I pray that God, in His inscrutable wisdom, will bring some good out of this." (Perhaps God in His inscrutable wisdom is giving you an opportunity to meditate on humility. That's not such a bad thing given your past and where you are headed.)
The San Diego City
Attorney's Office, which prosecutes misdemeanor DUI offenses, said it
had not received a report on the arrest.
Cordileone is a San Diego
native and was ordained at the Roman Catholic Diocese of San Diego.

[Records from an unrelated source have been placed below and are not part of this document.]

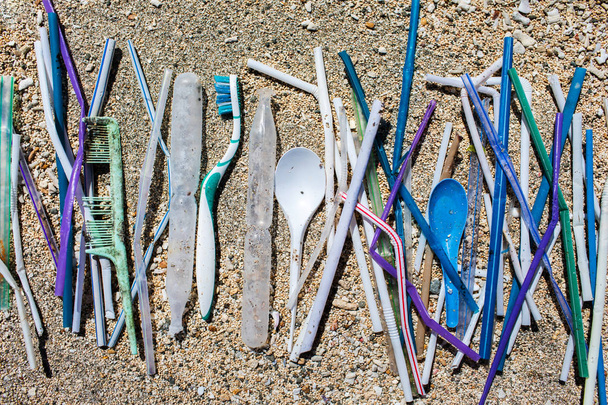 Haufen verschiedener Kunststoffabfälle: Strohhalme und Einweglöffel, - Foto, Bild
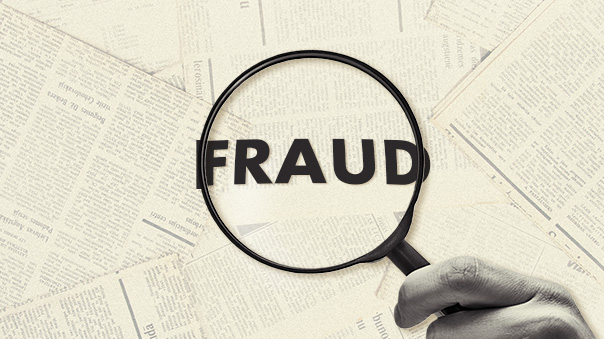 Magnifying glass over documents highlighting the word “Fraud.”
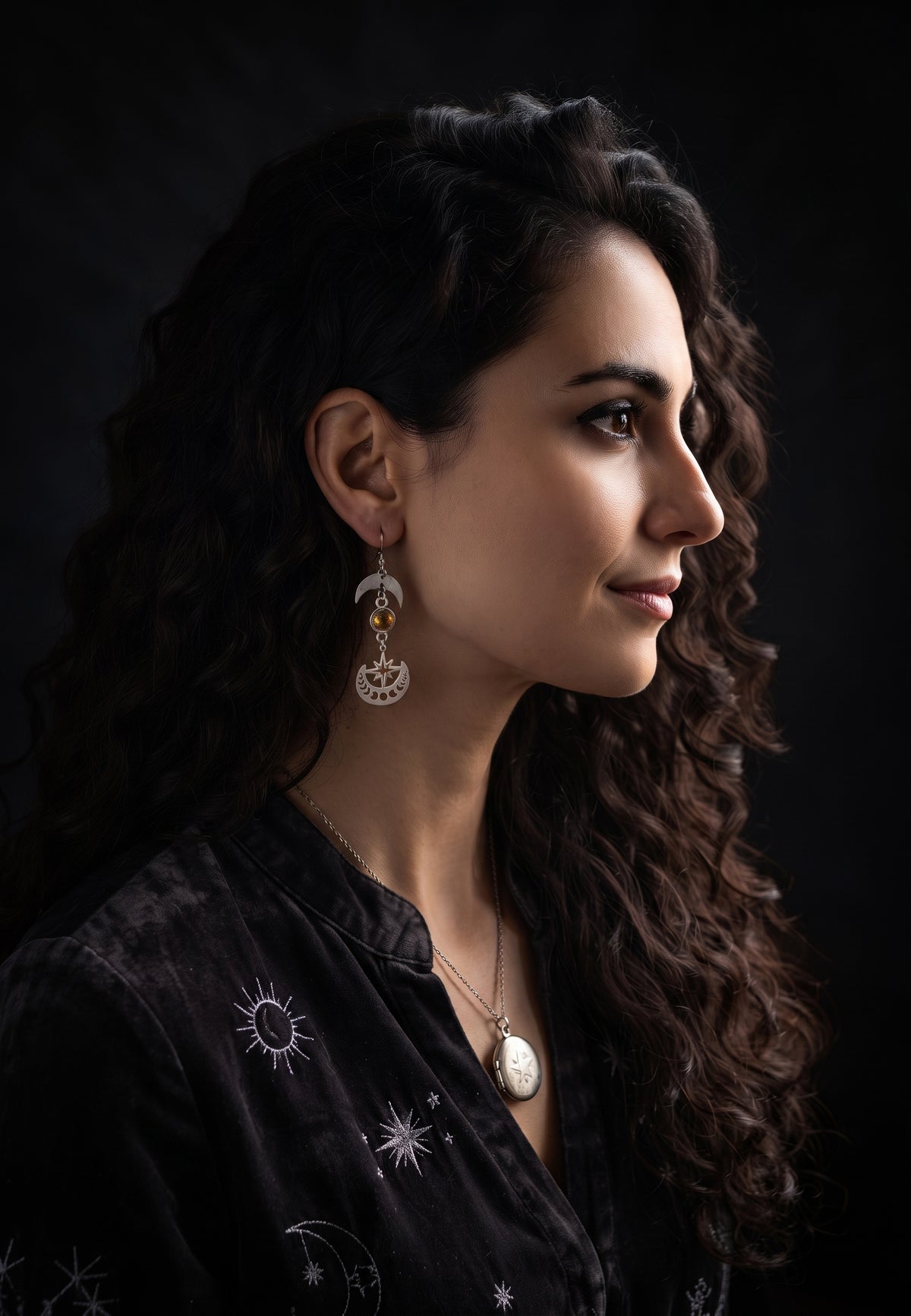 Celestial Sparkling Earrings by Circle of Heather worn by a model with long dark curly hair, silver crescent moon above a golden stone and a cut star and moon phase disc, shown with a black velvet top embroidered with suns, moons and stars.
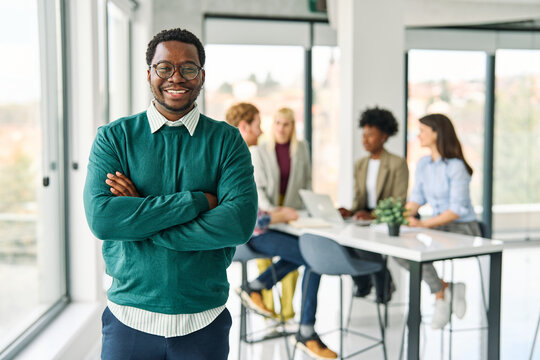 Portrait of a group of young business people having a meeting or training in the office. Teamwork and success concept, portrait of a smart young businessman, student, teacher or coach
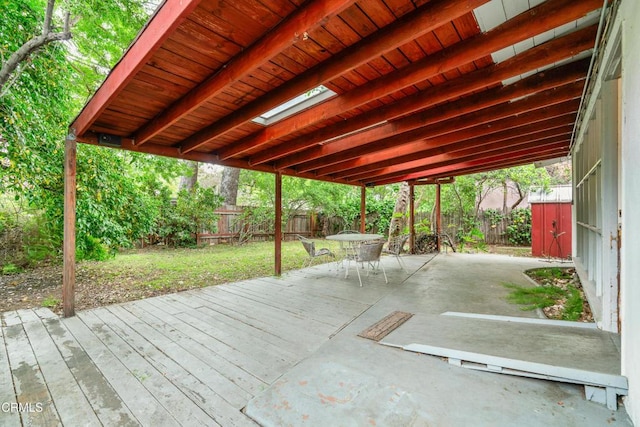 wooden deck featuring a lawn, a fenced backyard, a patio area, and outdoor dining space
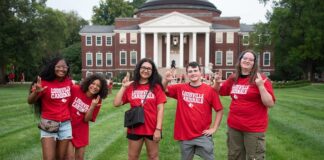 What’s new this fall, Cards? Students in red shirts stand in front of Grawemeyer Hall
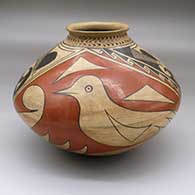 A Ramos Polychrome jar with a rolled lip, a three-panel bird and geometric design and a band of corrugation around the neck
 by Consolacion Quezada of Mata Ortiz and Casas Grandes
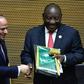 Handover: Outgoing AU chair Egyptian President Abdel Fattah al-Sisi, left, passes the baton to South African President Cyril Ramaphosa. Ramaphosa says settling the conflicts in Libya and South Sudan will be a priority of his tenure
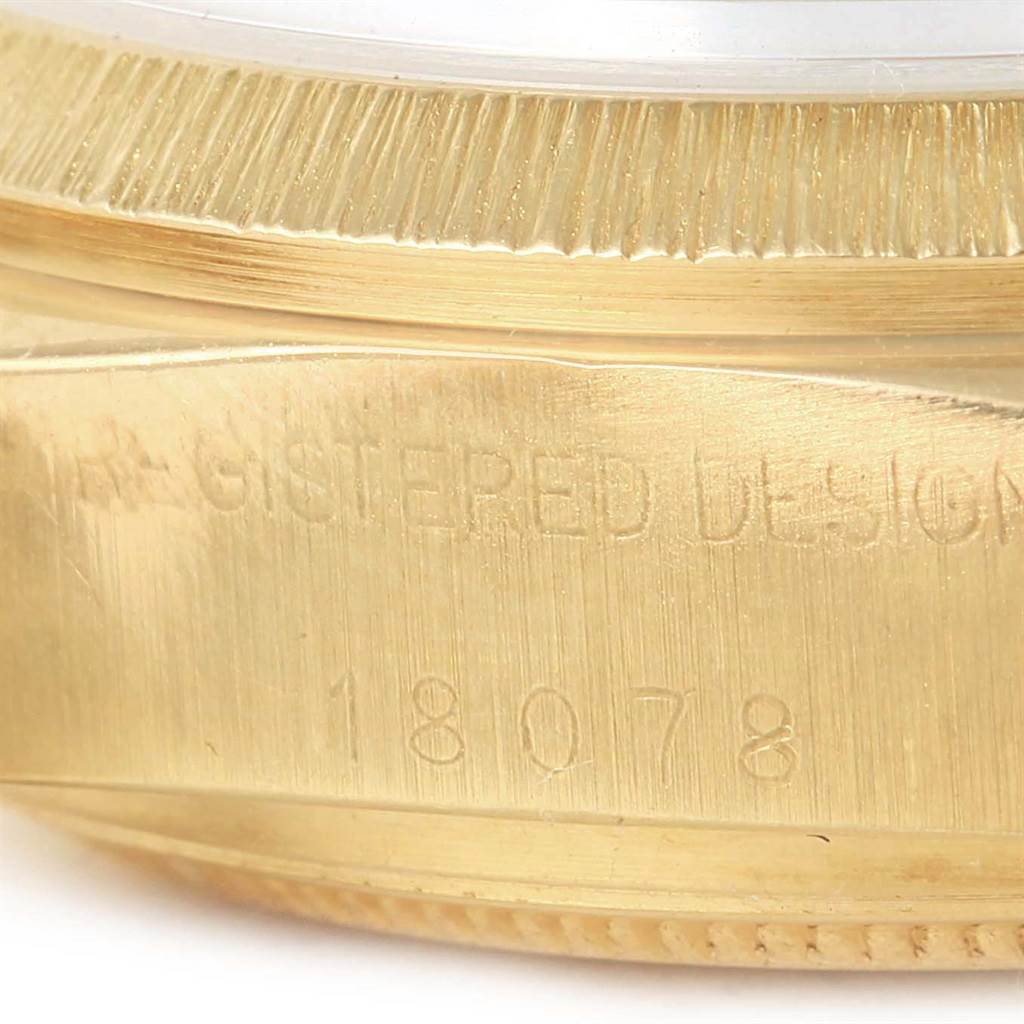 This image shows a close-up of the side of a Rolex President 18078 Men's Yellow Gold White Dial 18078 Men's Yellow Gold White Dial model watch, featuring its serial number 18078 and part of the fluted bezel.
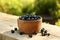 Bowl of bilberries on wooden table outdoors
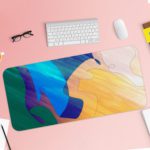 Infidu Artistic Desk Mat with flowing abstract shapes in blue, green, yellow, and orange. Desk Pad with Keyboard and Mouse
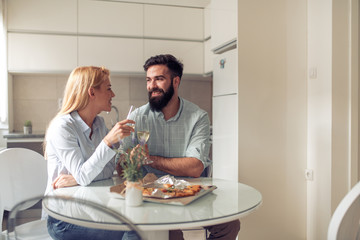 Couple eating pizza snack at home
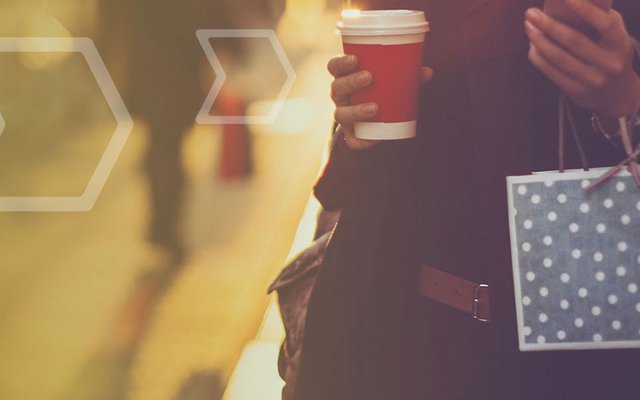 Woman holding coffee cup and a bag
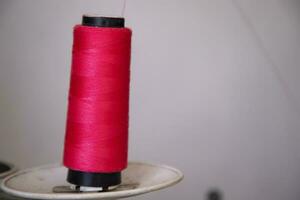 A Spool of red color swing thread with a Shallow depth of field photo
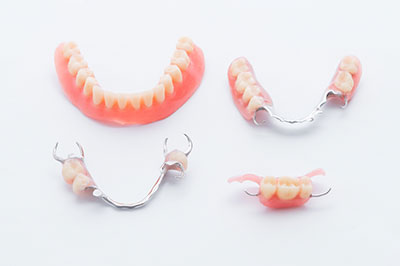 The image displays a set of dentures with visible teeth and gum-like structures, presented on a white background, possibly for promotional or illustrative purposes.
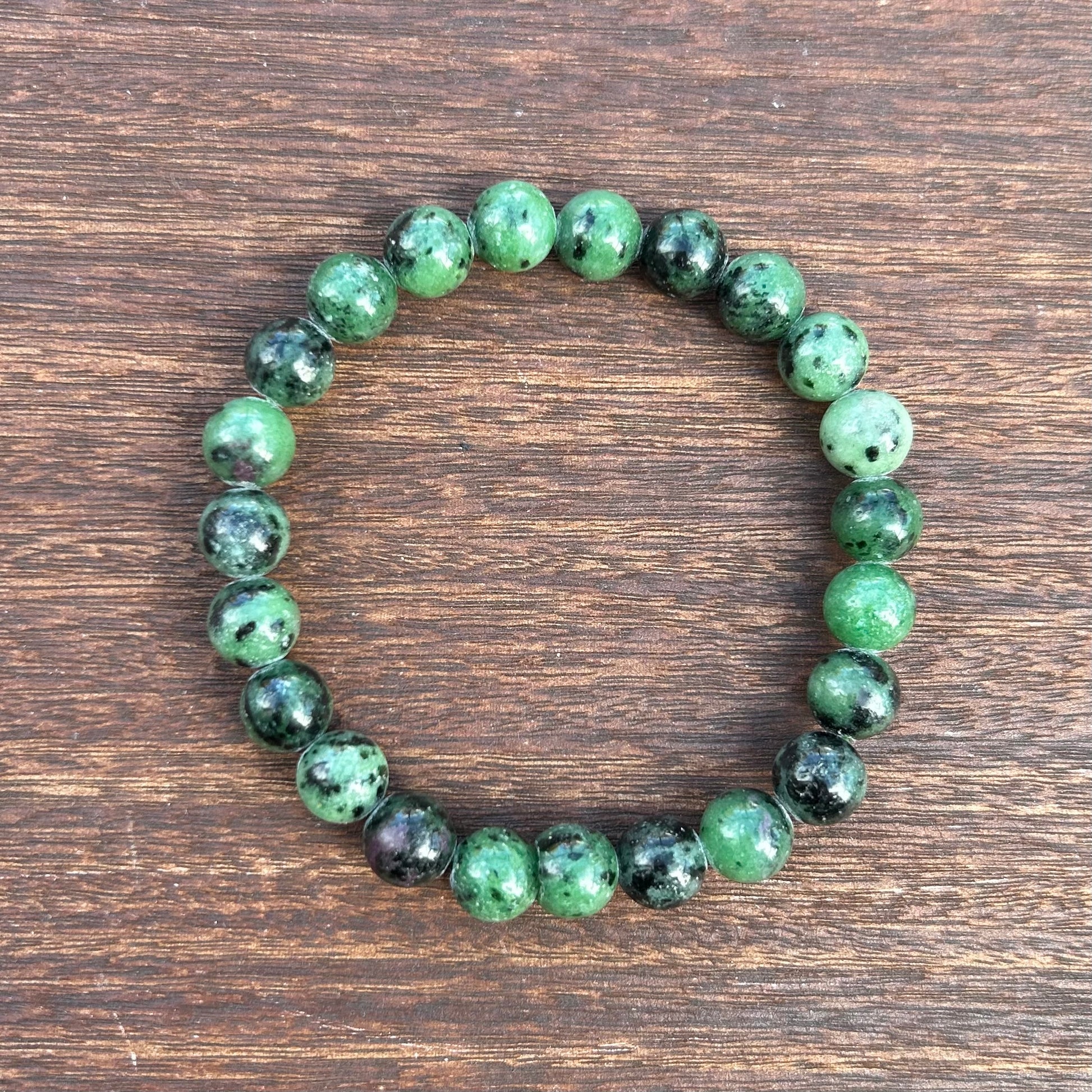 8mm ruby zoisite bracelet showcasing vibrant green and red crystals, perfect for adding sophistication to any outfit.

Police did not provide information about whether he had previously been
arrested.
In late July, Pope Benedict XVI selected Cordileone to become archbishop of San Francisco, San Mateo and Marin counties.
Cordileone
is not scheduled to be installed as archbishop of San Francisco until
Oct. 4. Catholic bishops are answerable only to the pope and a criminal
charge would not automatically prompt a delay in Cordileone's
installation, according to canon law experts.
Cordileone's
appointment to San Francisco archbishop provoked outcry from gay rights
advocates because he is a noted proponent of Proposition 8, the 2008 law
passed by California voters to outlaw same-sex marriage.
Cordileone
was already known as a theologically conservative bishop faithful to
the Catholic orthodoxy when he was installed as Oakland's bishop in May
2009, becoming the first Spanish-speaking bishop in the Oakland
Diocese's history. He was a staunch advocate for immigrant rights and
opposes the death penalty.
He was also part of the San Diego
Diocese when it filed for bankruptcy protection in 2007 after being
slammed with claims by 150 alleged victims of sexual abuse and multiple
civil trials. Cordileone denied allegations by creditors at the time
that the diocese tried to protect its finances by hiding and downplaying
the value of assets before bankruptcy proceedings began.
And he
has refused to provide a list of priests involved in sexual abuse
requested by Survivors Network of those Abused by Priests, according to
David Clohessy, director of the organization known as SNAP. Cordileone
also called on Catholics to vote for an initiative on the November
ballot that requires parental consent for minors seeking an abortion.
Because
it's a high-profile case, Cordileone's paperwork may take longer to
process if authorities are going out of their way to avoid mistakes, Bay
Area DUI defense attorney Bruce Kapsack said.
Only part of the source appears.